Since Washington depends mostly on sales tax for public revenue, when people’s wages are flat (or they lose their jobs) they don’t buy so many products and public receipts tumble. That’s what is really threatening middle class services like K-12 education and our public colleges and universities, parks and recreation facilities, care for the disabled and blind, and clean-up of contaminated land and water.
What about that extra money? In 1968 the average income of the top 1 percent of households in the country was 10 times the average income of everyone else, all 99 percent of us: $390,000 for the top and $40,000 for everyone else. By 2007, the average income of the top 1 percent had jumped to $1.4 million, 30 times the average income of the bottom 99 percent ($46,000).
The other place you’ll find the money is in corporate profits, which are now 22 percent above their pre-recession level. All this money going to corporations and the very wealthy might generate jobs somewhere — but not necessarily in our state. Corporations don’t abide by national boundaries or a sense of patriotism. They are looking for the absolutely lowest short-term cost of production. And that is more likely in China that at home.
Meanwhile, last November, Steve Ballmer, the 33rd wealthiest person in the world with a net worth of $33 billion, sold off $2 billion in stock to “diversify his holdings and to help with tax planning.” So much for job creation. This month Paul Allen, with $14 billion in wealth, bought a refurbished Russian MIG fighter jet.

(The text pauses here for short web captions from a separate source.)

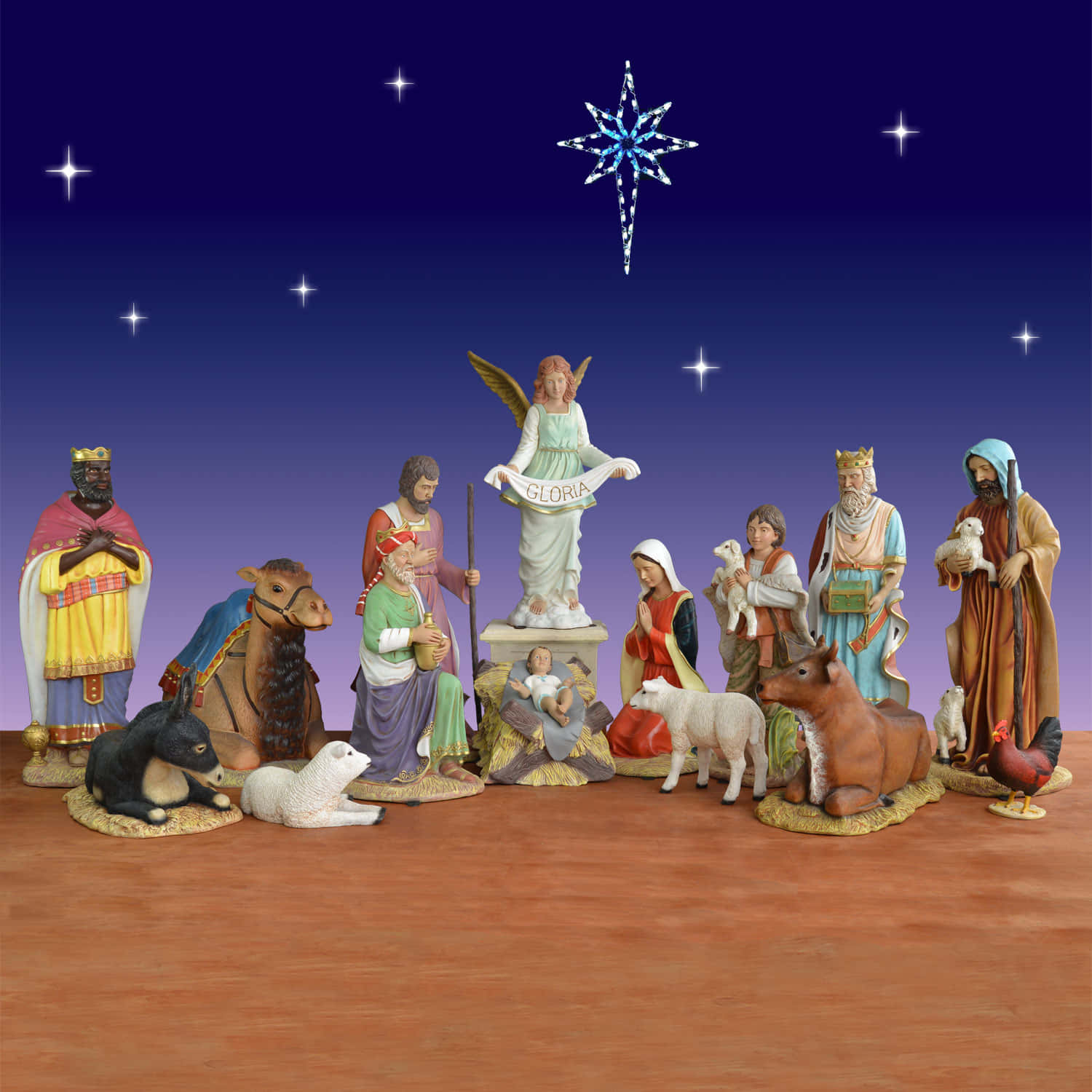 Nativity Scene 桌布 壁紙 — 一個詳細的耶穌誕生場景，包含瑪利亞、約瑟、嬰兒耶穌、天使、智者、動物以及上方閃耀的星星的雕像。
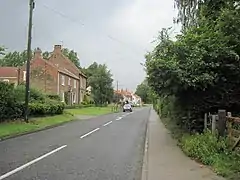 A rural street with house on the left, and hedges and trees on the right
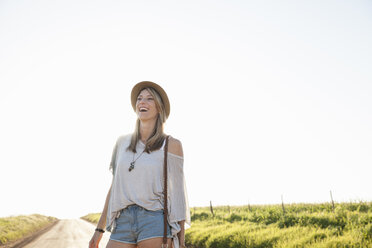 Mid adult woman on country road, laughing - CUF37456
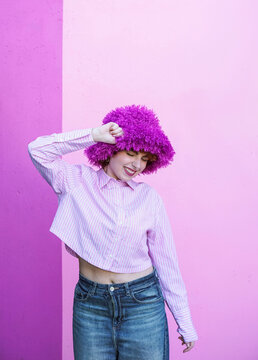 Redhead smiling indoors in fluffy purple hat and shirt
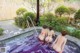 A group of women in bikinis sitting in a hot tub.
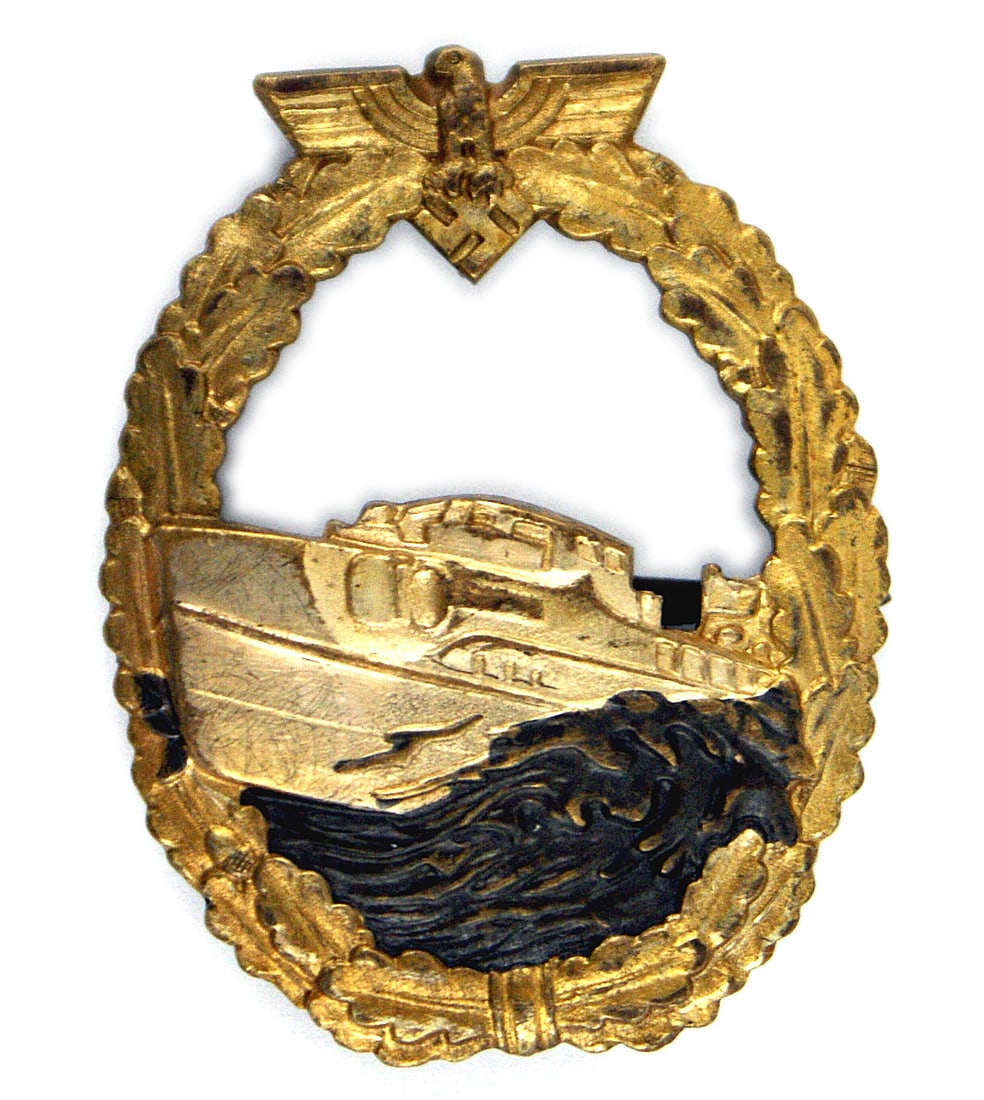 German WWII Navy 1st type E-Boat Badge: B-076 German WWII Navy 1st type E-Boat Badge. Open gold oak leaf wreath, eagle/swastika at top - holding a silver E-Boat cutting through darkened waves within the wreath. Dished reverse with a gun-blu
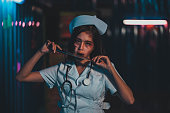 Horror scary evil insane nurse doctor held the knife, Zombie woman gosth with halloween concept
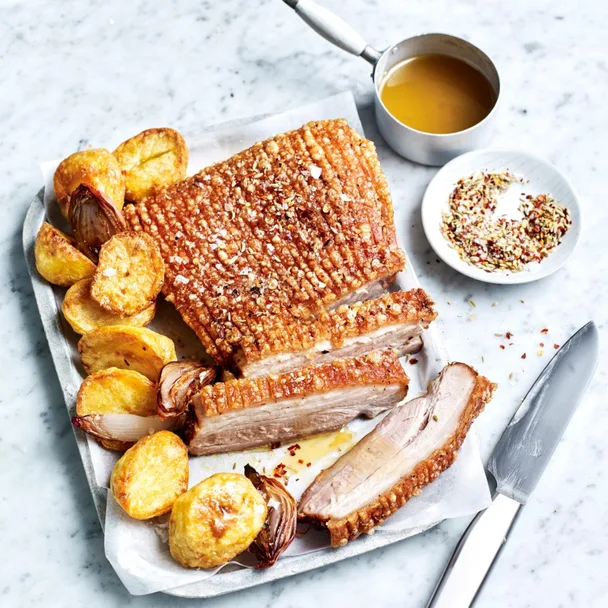 air fryer pork roast on a tray with roast potatoes and onion, with a pot of gravy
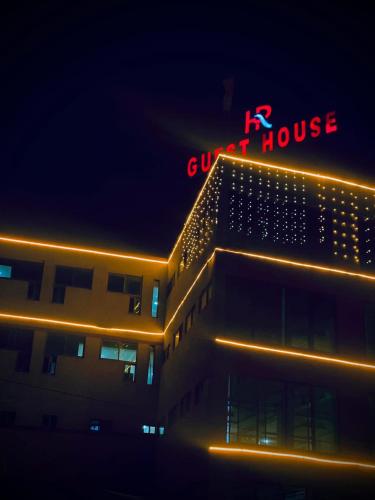 a building with a red sign on top of it at HR Guest House in Gilgit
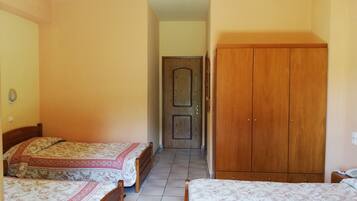 Un dormitorio con dos camas individuales, un armario y una puerta que da a otra habitación.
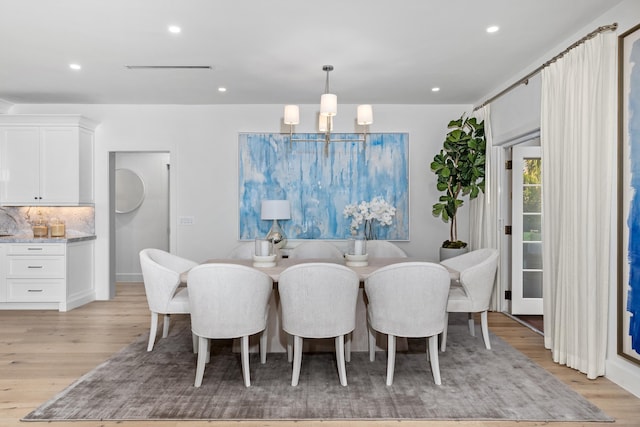 dining area featuring an inviting chandelier and light hardwood / wood-style floors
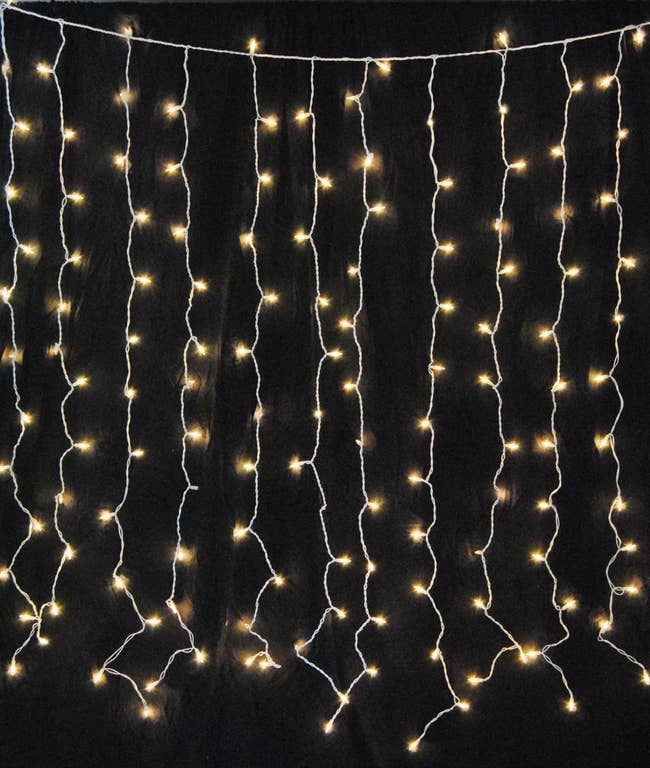 Hanging string lights forming a curtain effect, perfect for home decoration or events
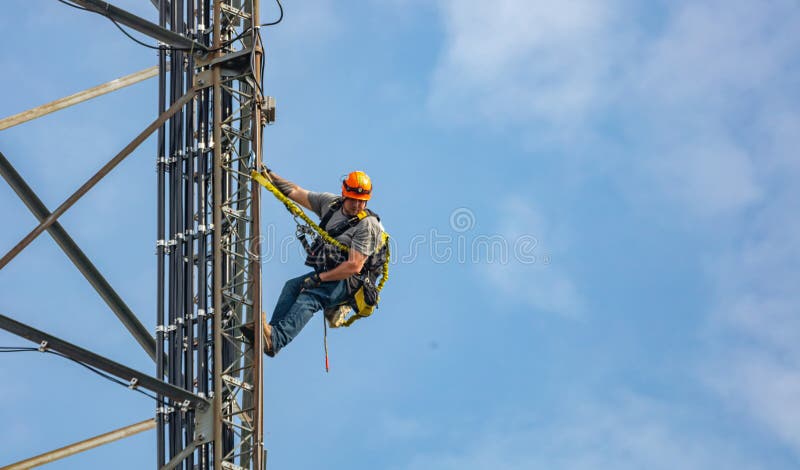 Communication maintenance. Technician climbing on telecom tower against blue sky background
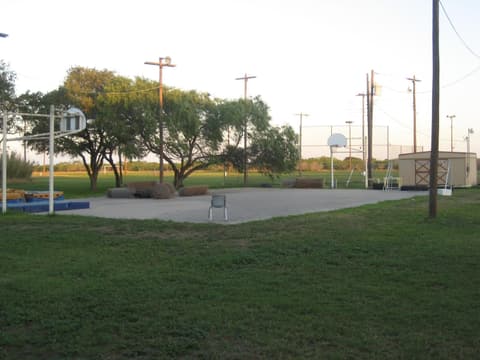 The outdoor basketball court, where alumni remember their first dunks, 2012.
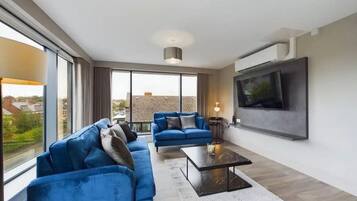 A modern living room with a sofa set, a coffee table, and a flat-screen TV mounted on the wall.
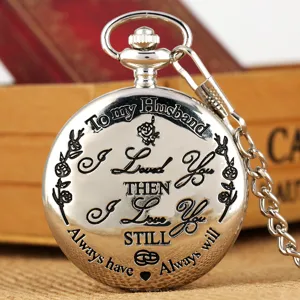 Close-up detail van zilveren zakhorloge met gegraveerd liefdescitaat en prachtig bloemmotief.
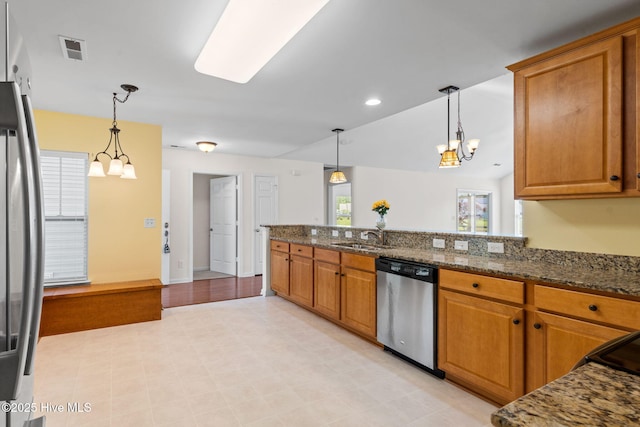 770 Heather Glen Ln, Calabash, NC 28467 - kitchen featuring stainless steel appliances, a chandelier, brown cabinets, and recessed lighting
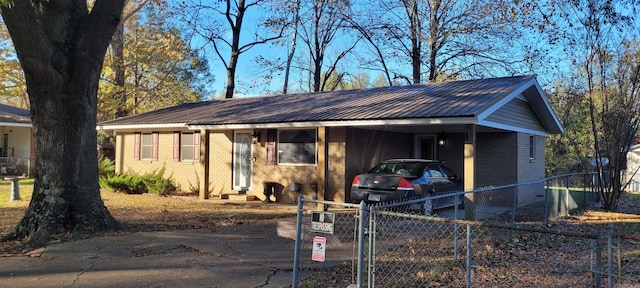 ranch-style home featuring a carport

And Jeff Bezos, owner of Amazon, whose net worth is $12.3 billion, refuses, in any state where he can get away with it, to collect sales taxes on Amazon sales, further starving state governments from revenue for middle class services (and giving him a big advantage over bookstores on Main Street!).
What do these guys have in common? They are among the wealthiest people in the world, and they want their wealth only for themselves. So they all pitched in with six figure contributions to defeat Initiative 1098 last year, which would have taxed their income above $400,000. Not a lot, but why give up anything when you are at the pinnacle?
Here’s why: That 1098 money would have funded Basic Health, which is about to run out of money. What would Paul Allen, Steve Balmer and Jeff Bezos say to the woman who just wrote me about her situation?
“This can truly be a life or death issue for some of us. I was diagnosed with a very early-stage melanoma just two weeks ago, and now need to be seen by the dermatologist every couple of months, and also have other medical issues. My husband has had abnormal PSA tests in the past that we need to monitor.
“We feel very lucky to be on Basic Health. I don’t know what will happen to us if it ends…”
Mr. Allen, Mr. Ballmer and Mr. Bezos: We can’t make you fund public services. But your hearts might lead you there. Why don’t you simply give $100 million for Basic Health? That’s about seventeen one-hundredths of your combined wealth — small change for the health of the citizens of our state. You are not broke. And we don’t need to be.